Management of archaeological sites in the United States at the national level is distributed across several agencies including the National Park Service, Forest Service, Bureau of Land Management, Corps of Engineers, and Bureau of Indian Affairs, all of which are required to develop plans and programs for management and protection of the archaeological resources present on the lands under their jurisdiction (Department of the Interior 1989: 11). Other agencies such as the Federal Highway Administration and the Department of Defense support official programs by taking responsibility for making sure their activities do not damage archaeological resources. They may do this by hiring their own archaeologists or by hiring private firms to do archaeological survey and salvage (Department of the Interior 1989). The official managment of these resources does not present an obstacle for state level agencies, Indian tribes, nonprofit organizations, universities, and even private firms to dedicate efforts to cultural resources management and the formation of specialists. Sometimes this fragmentation leads to uncertainty in the public mind as to who should be doing what, or to disagreements among the various institutional actors.

The Spanish model or "Madrid model" also envisions a wider role for the public administration of cultural heritage, including arrangements which locate archaeological heritage in a context of private participation, conservation of collective heritage, and professional preparation of specialists (Vasquez Leon 1996: 75). This model is in fact another example of how the practice of archaeological heritage conservation and a modern context which includes both tourism and other forms of private exploitation of historic and archaeological monuments can be the subject of specific legislation (Garcia Fernandez 1984). And this can happen without a loss of control and leadership by professional archaeologists over decision-making affecting the integrity of collective cultural heritage.

In this respect it appears increasingly clear that INAH in Mexico needs to take the responsibility for integrated management of archaeological heritage through a conscious and systematic preparation of its personnel and modernizing its institutional infrastructure. Without abandoning its fundamental pupose of scientific research in the general fields of anthropology, archaeology, and history, INAH needs to create room for the development of a new discipline addressing issues which up until now have been handled in an improvisational manner as a "complementary" activity or as a secondary concern of archaeology. Recent research on the operations of INAH in the field of archaeology reinforce this proposal (Vasquez Leon 1996: 79), although without clarifying how it might be realized, or the components necessary in the Mexican context. At a more general level, as government archaeologists we continue to claim, as has been shown, the realm of archaeology as ours and continue to proclaim ourselves as specialists in the conservation and management of archaeological heritage without this being the case (Rodriquez Garcia 1996: 153).
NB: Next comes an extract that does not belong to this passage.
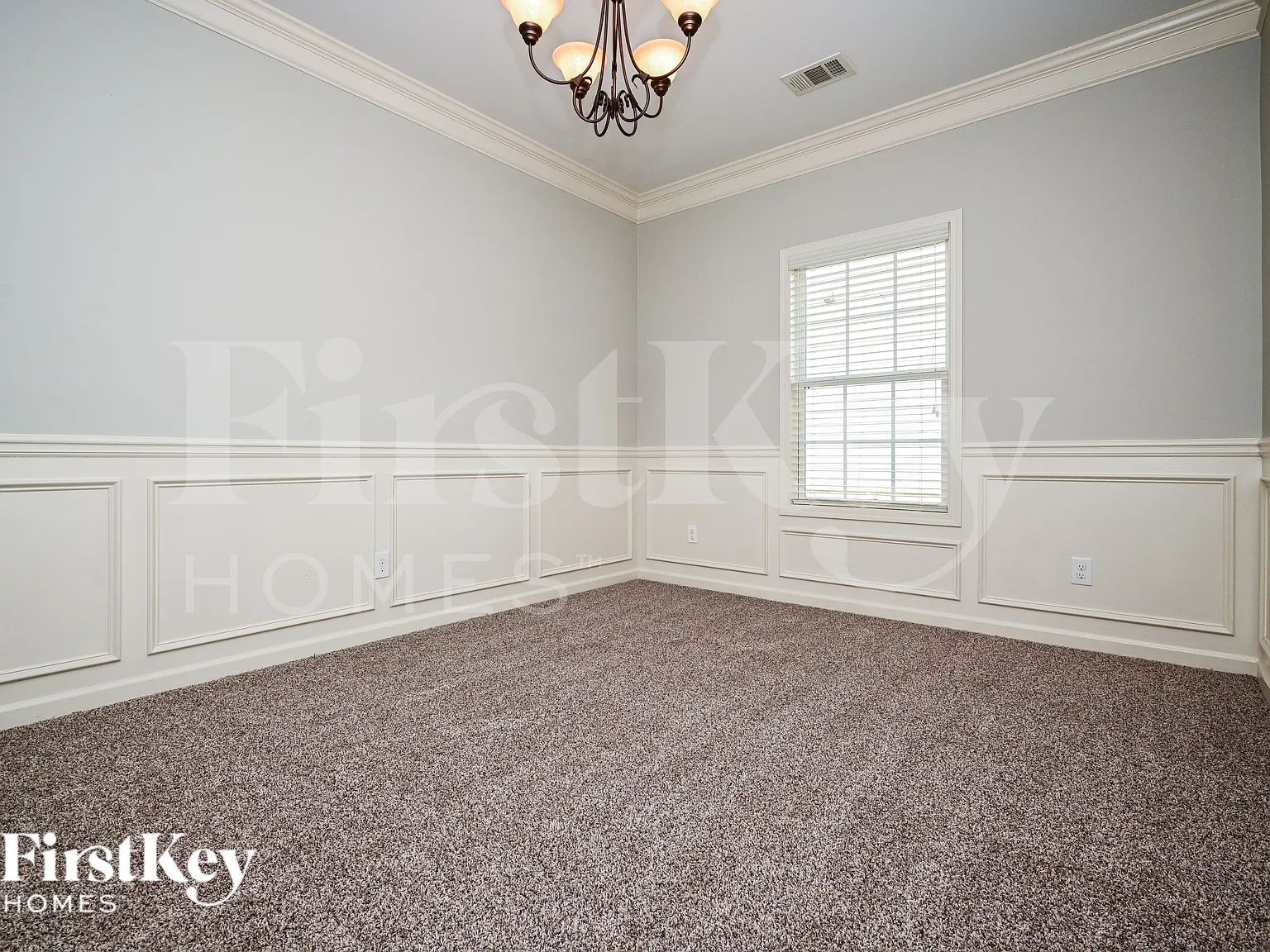 3 bed, 2.0 bath, 1831 sqft, $1,940 — Photo 4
The Preparation of Specialists

Academic programs such as those at the University of Nevada at Reno or the University of Victoria in Canada, which offer complete graduate programs in the specialty of Cultural Resources Management, reinforce awareness in those countries about this concern. It is clear the preparation of specialists in the conservation and management of archaeological sites is an urgent necessity in the Mexican context. This is true not only in terms of the academic importance of being current on new areas of research opening up around the world, but because of the tremendous loss of cultural material through the absence of management plans and programs which assure the integrity of archaeological heritage in its natural and cultural setting. As we have seen, the two principal causes of such losses are the overexploitation of archaeological sites through unmanaged mass tourism and land use decisions incompatible with the goal of conservation.
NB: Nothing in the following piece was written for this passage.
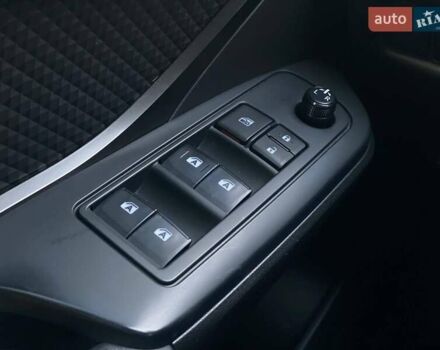 Синий Тойота C-HR, объемом двигателя 1.99 л и пробегом 101 тыс. км за 17490 $, фото 23 на Automoto.ua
This specialty, which I propose naming Management of Archaeological Resources, should constitute a new profession in Mexico covering the pressing necessities of organizing, planning, researching, and regulating the uses of cultural heritage. Based on Mexico's long history of solid legislation on cultural heritage (Gertz Manero 1976; Bernal 1979; INAH 1980; Litvak 1980; Lombardo 1988), and on the equally long experience developed in the field of conservation and restoration, this specialty would have its own focus. This would be defined in part by the search for feasible planning solutions to the interaction of social actors and groups competing for access to archaeological resources. In this sense the broadest configuration of the new specialty would share the general format suggested by Cleere (1989), which includes four basic elements:

  1. An emphasis on methods and techniques to optimize the results of salvage archaeology, as the modern world increasingly obliges us to deal with fragmented sites in danger of disappearing. Governments are less and less willing to finance "pure" research projects, and institutions responsible for development infratructure feel obligated to pay for only that research which clears the area affected by their own projects (e.g., electricity transmission lines, pipelines, highways, or irrigation projects).
  2. Training in land use planning, with the ultimate objective that all infrastructure projects be subject to review by people properly trained to mitigate to the maximum the impact of modern development on archaeological sites. Archaeologists, just like other professionals involved in preservation, ought to understand the planning strategies for different land uses in different parts of the country.
  3. An understanding of institutional context, as a challenge for this specialty will be to accomplish effective interactions and common policies which benefit the activities and interests of all. One of the most important elements for a resources management specialist (natural or cultural) is to understand both the internal organization of institutions which affect the subject area, and the web of external relations which create its environment. In this sense, as we have seen in the cases summarized here, it is critical to change the tendency to leave to political appointees the management of policies which affect archaeological heritage. In the same sense it is urgent to train specialists able to design and manage the implementation of these policies.
  4. The importance of constant updating of knowledge related to techniques and ethics of conservation, of the philosophies governing criteria to be applied in each case, and a commitment to participation in international meetings on this subject, interchanging ideas with colleagues confronting similar problems (Cleere 1989: 12-13).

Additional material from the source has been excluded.